For short sentences, add one pause at the halfway point. For longer sentences, add two pauses at the 1/3 and 2/3 mark.
If you’re going to tell someone “Back off”, add a pause. Say “Back, off” (notice the comma).
If you’re going to say “Sit down right now”, say “Sit down, right now.”
If you’re going to say “You need to behave and apologize to your sister” you would say “You need to behave, and apologize, to your sister.
Here’s an example of what the pauses sound like. I’m not adding anything else yet, just pauses. So it won’t sound authoritative yet — but we’re getting there.
Try it now. Say those sentences out loud, with pauses and without. Get a feel for when the pauses should naturally appear.
We’re not done yet. Next, we need to add emphasis.
When you are speaking with authority, all of your words should be a little more emphasized. However (and this is key) the last word before a pause should be doubly emphasized. So instead of saying “You need, to sit down” you should say “You need, to sit down.”
Don’t confuse emphasis with anger. Stay calm, and don’t raise your voice. You want to add force to your words, not volume. If you don’t sound in control of yourself, people will not respect you.
Need an example? Here’s a recording of me speaking first without authority, then with authority (proper emphasis and pauses.) Notice how I don’t sound angry or loud — just firm. Also notice how the last word before each pause gets extra emphasis.
Make sure that you are also going down in pitch on this final word, rather than up in pitch.

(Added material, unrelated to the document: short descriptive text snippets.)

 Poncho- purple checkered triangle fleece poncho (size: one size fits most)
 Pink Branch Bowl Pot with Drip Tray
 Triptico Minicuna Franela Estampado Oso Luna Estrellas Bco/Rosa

If you go up in pitch, it will sound like a question, and you don’t want that.
Here’s another example, first of me moving my pitch up at the end of the sentence, and a second with the pitch moved down. Notice how when the pitch moves up, it makes me sound more whiny and questioning.
Speaking With Confidence
Of course, you only want to speak with authority when you actually have authority. If you start ordering your friends around, you will soon find yourself without friends. (However, note that if anyone — even a friend — is not respecting your boundaries, you should use a tone of authority to tell them to back off.)

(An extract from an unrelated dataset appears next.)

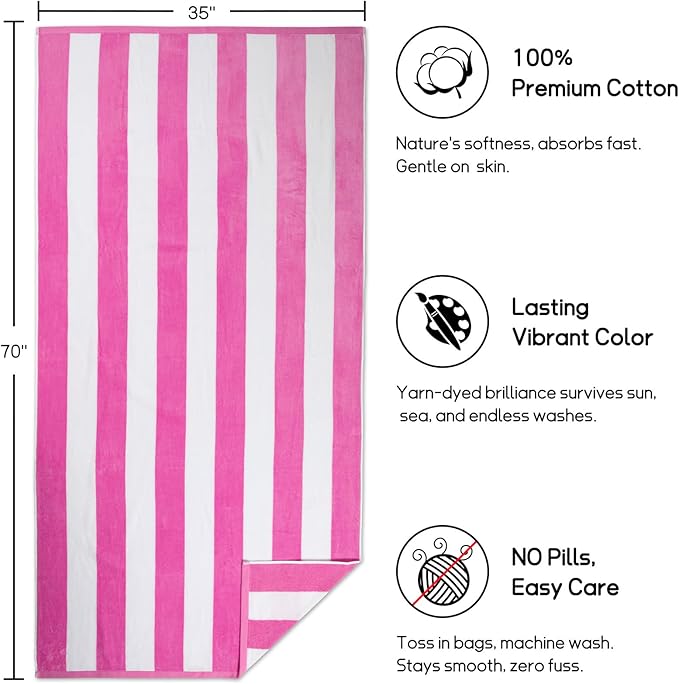 cabanana Large Oversized Beach Towel - 35 x 70 Inch Cotton Pool Towel, Pink Striped Soft Cabana Swim Towel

Fortunately, it’s easy to use this tone to signal confidence instead of authority. Just reduce the intensity about 50%. In other words, keep the pauses, but make your emphasis about 50% lighter.
You’ll want to practice this a little until it sounds natural. I recommend recording your voice and listening to yourself to see how you sound. With a bit of practice, you’ll find it easy to switch between a tone of authority and a tone of confidence.
Here’s an example of me speaking without confidence, and then with friendly confidence (but not authority). You should be able to hear slight emphasis, but not as much as when I was speaking with authority.
Confidence And Authority In Everyday Life
There you have it!
You now know how to speak with authority, and with confidence.
Practice makes perfect, of course, so spend some time in front of a recorder until you feel sure that you are able to create the correct pauses and emphasis. If you have a friend or family member that you trust, you might even want to practice with them.
But however you practice, over time you’ll become more and more able to speak with authority and confidence. Your tone will tell others that you expect respect — and you’ll receive more respect as a result.
It’s as simple as that.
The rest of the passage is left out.